A mio avviso, i social media appartengono chiaramente a questa seconda famiglia (media che vanno ad incidere mutamenti significativi nella società e nella vita delle persone).
Un’altra tua ossessione (tra quelle del lavoro) è la scuola. Non nel senso di Renzo Piano. Dall’insegnamento alla scuola media, a Interaction Design di Ivrea, alla Naba, a un posto codificato come la Bocconi, fino a Relational Design, hai sempre impegnato le tue energie per scardinare non solo le idee più convenzionali su cosa è il design, ma anche il metodo, le relazioni con gli studenti. Ci racconti com’è andata?
Certe cose ti capitano.
Una volta laureato, l’insegnamento in una scuola media era la maniera più semplice e ragionevole per mettere assieme uno stipendio.

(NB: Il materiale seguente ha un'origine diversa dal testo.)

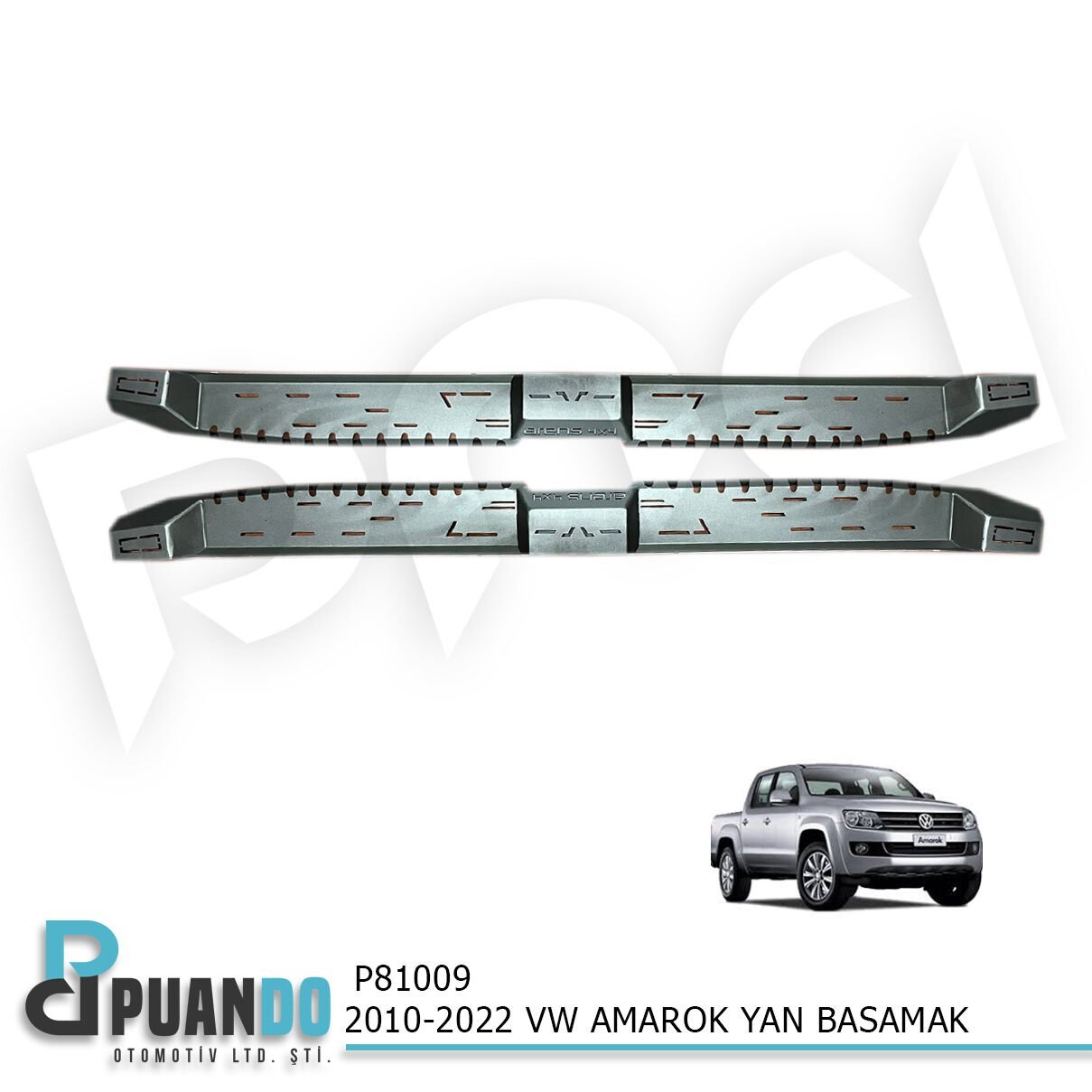 2010-2022 VW AMAROK YAN BASAMAK 203 CM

Insegnare cinque anni alle scuole medie è stato per me molto importante.
Mi ha fatto capire che era un’attività che mi piaceva molto ed è stato molto formativo in termini di formazione e autostima. Se sei in grado di tenere testa a trenta adolescenti nel ruolo di supplente di Educazione Artistica, nella vita nulla potrà mai più spaventarti.
Poi, in effetti, ho insegnato in qualsiasi tipo di scuola. A studenti bravissimi in istituzioni di élite, piuttosto che a scappati di casa in situazioni realmente curiose e improbabili.
Insegnare è bello perché vive di una funzione sociale ovvia e riconosciuta.
In termini generali non ho mai fatto attivismo politico piuttosto che impegno attivo in associazioni e/o istituzioni preposte a cambiare il mondo. Insegno, mi piace, ed è il mio personale contributo a cercare di cambiare il mondo nella direzione che io reputo sensata.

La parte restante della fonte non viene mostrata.